Friday, 3 January 2025

Forgotten Book - The Dreadful Hollow


My first Forgotten Book of 2025 is The Dreadful Hollow, first published in 1953. This is an interesting and bold attempt by Nicholas Blake (the crime writing alter ego of Cecil Day-Lewis) to fuse classic ingredients of traditional detection (brilliant consulting detective, an outbreak of poison pen letters in a seemingly idyllic English village, an enigmatic person in a wheelchair, an unpleasant financier, a likeable vicar, and so on) with the psychologically complex, character-driven crime novel which was coming into fashion at the time.

Blake was an accomplished writer, and this is a very readable book. The structure is striking and unusual. At the start of Part One, Sir Archibald Blick hires Nigel Strangeways to find out who is sending poison pen letters in the Dorset village of Prior's Umborne, where both Blick's sons live. This investigation takes up half the book. And then, at the end of Part One, almost out of the blue, someone is murdered in the village. So Part Two is devoted to Strangeways' attempt to solve that crime. 

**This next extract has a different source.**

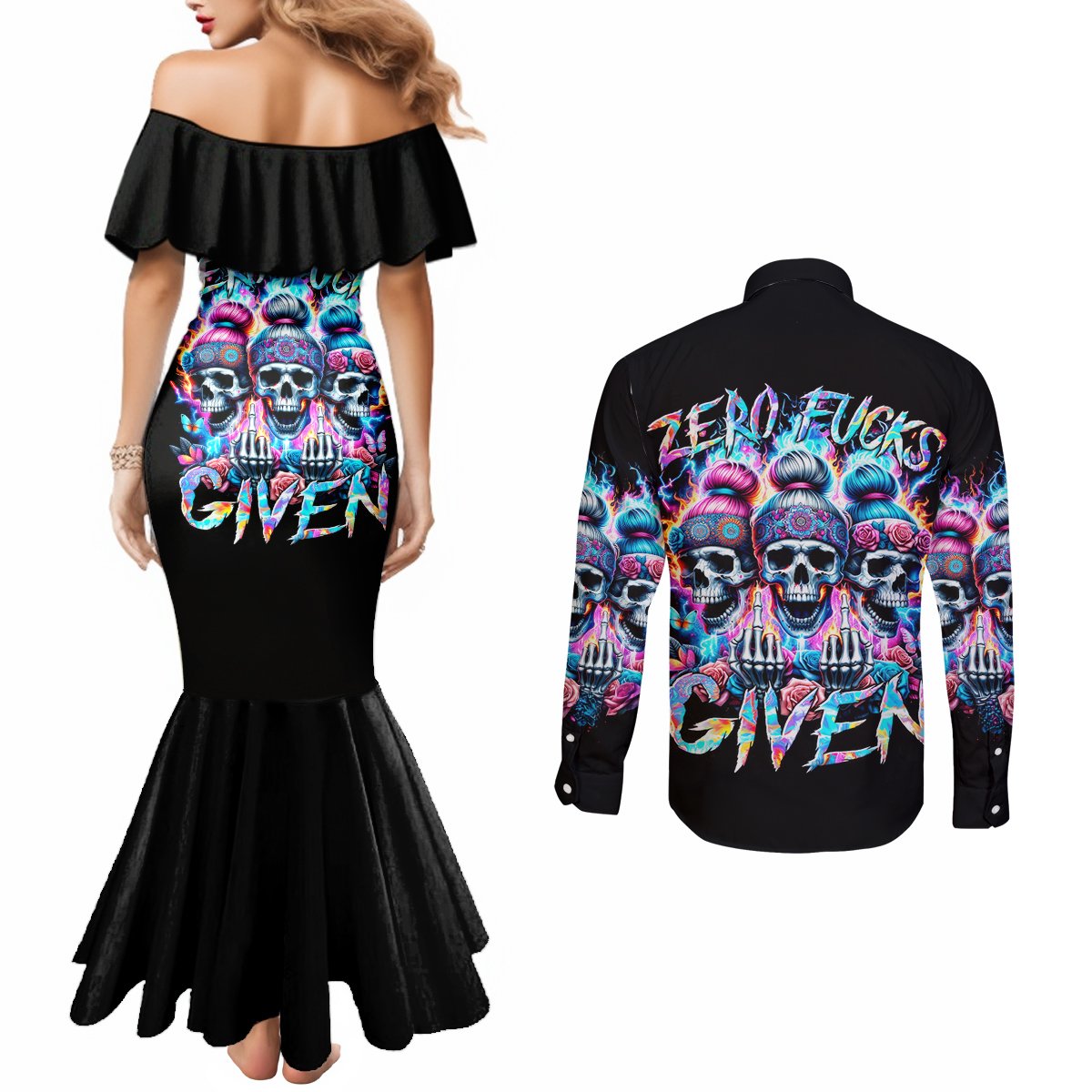 lady-skull-couples-matching-mermaid-dress-and-long-sleeve-button-shirt-zero-fucks-given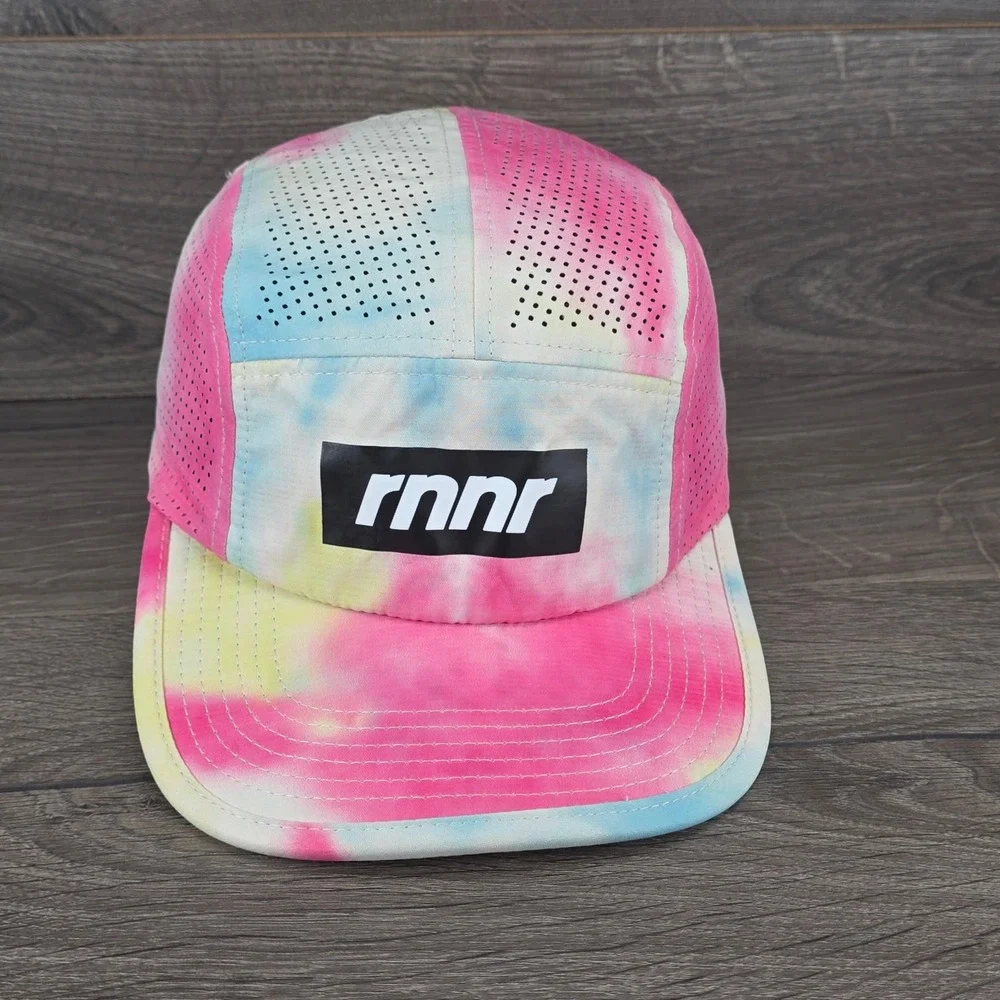 rnnr Hat Pace Cap Strap Back Pink Women Tie Dye Running Lightweight Perforated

There are several oddities, it must be said. Sir Archibald is, we're told (and later reminded, more than once) very keen on eugenics (one might have assumed this had become deeply unfashionable by 1953) and he keeps in his office a photograph of a naked woman. Neither of these striking features of the first chapter have any real significance in the story. And I did find some of the suspects irritating in the extreme, which reduced my interest. There are also one or two plot points that I didn't find convincing, including an incident involving boobytrapped binoculars - though it was certainly dramatic.

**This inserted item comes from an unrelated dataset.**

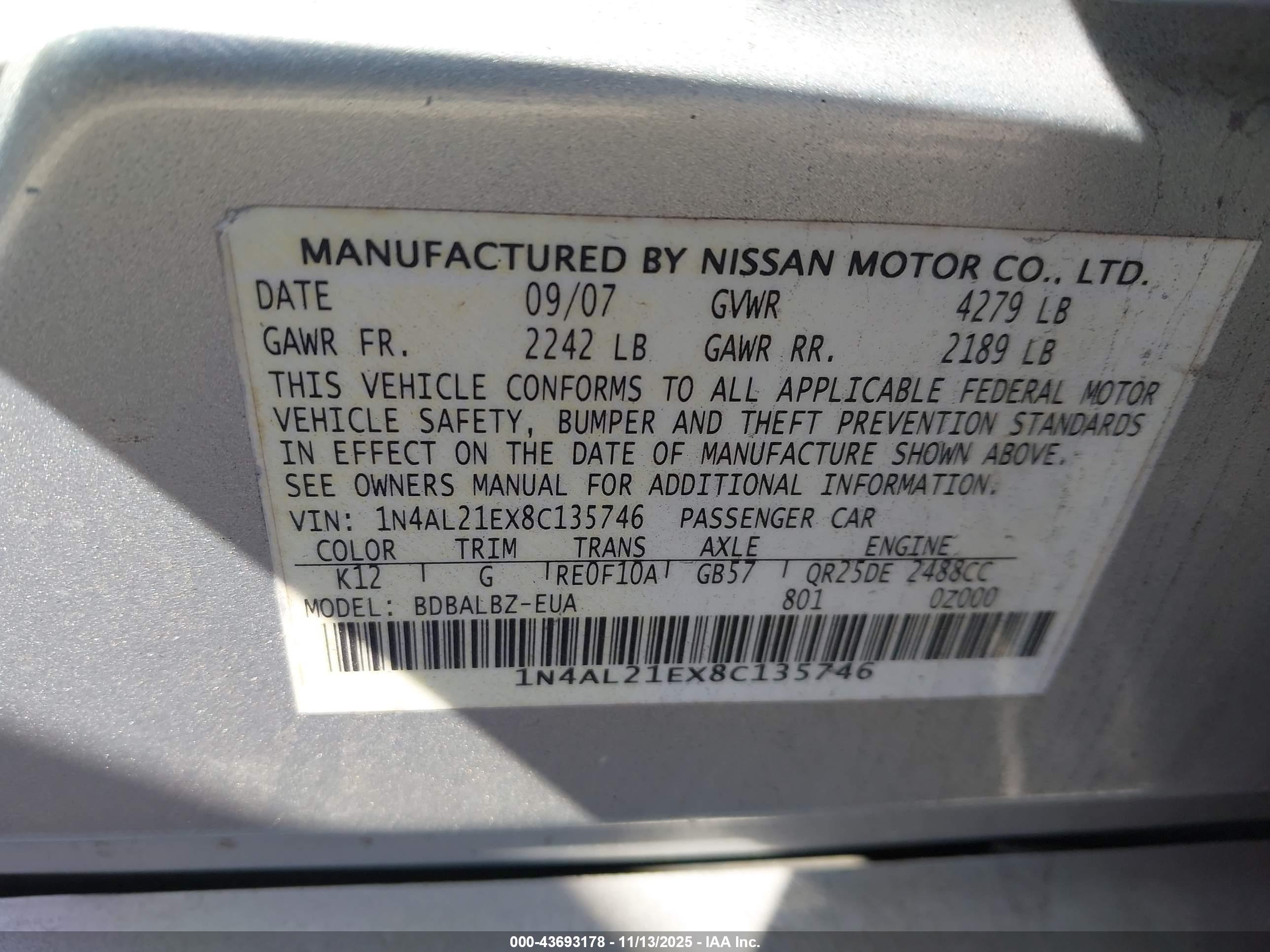 NISSAN ALTIMA image 9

Having said that, there was enough in this book to keep me interested throughout, and the final chapter is strong enough to help overcome one's reservations about some of the earlier scenes. I thought that the interplay between Nigel and the police officers was particularly well done; it isn't easy to justify an outsider's involvement in an official investigation in a crime novel that strives for a degree of realism. The title comes from Tennyson's poem 'Maud', as do some of the chapter headings, but I must admit that I'm not clear how the poem relates to the story, if at all. But then, there's an untranslated Latin quotation on the first page of the story and it may be that Day-Lewis was even more of a literary elitist than his Detection Club colleague Dorothy L. Sayers. Not to worry, though. This is an ambitious book, and although I wouldn't say it's wholly successful, I was interested to watch the way the author painted himself into several corners during the course of the story and then managed, with quite a bit of skill, to get out of them.     

4 comments:

pattinase (abbott) said...

I enjoyed all of the Nicholas Blake novels thirty years ago. Need to revisit.

Martin Edwards said...

I've come back to them recently, Patti, after quite a gap, and have been enjoying the variety as well as the writing.

Arthur Robinson said...

I've always felt (and may someday write a blog entry on this...if I ever get around to starting a blog), that Nicholas Blake wrote the best first halves of detective novels of anyone--well plotted, intriguing premises, interesting characters, plenty of humour, and small parts of the mystery solved (by interpretation of clues) as you go along, instead of an information dump in the last chapter when the sleuth explains everything (not that I object to that, but I find it more rewarding if you get some answers along the way). But to me, the latter parts of his novels often become cluttered, too serious, and strain even my (usually elastic) willing suspension of disbelief. I too found parts of this novel irritating, and guessed the "surprise ending" too soon, but I enjoyed it on the whole, as I do most of Blake's books (I think his early THOU SHELL OF DEATH and THE BEAST MUST DIE are his best, but there are many good later books, such as MINUTE FOR MURDER and END OF CHAPTER). I too liked the last chapter of THE DREADFUL HOLLOW, which has an unusual structure, despite the melodrama at the end. (It just occurred to me that a lot of Blake's characters fall to their deaths at the end of his books.)

Martin Edwards said...

Excellent analysis, Arthur, thank you. I do encourage you to write this up on a blog or somewhere - and if you want to do a guest post for this blog, you will be most welcome.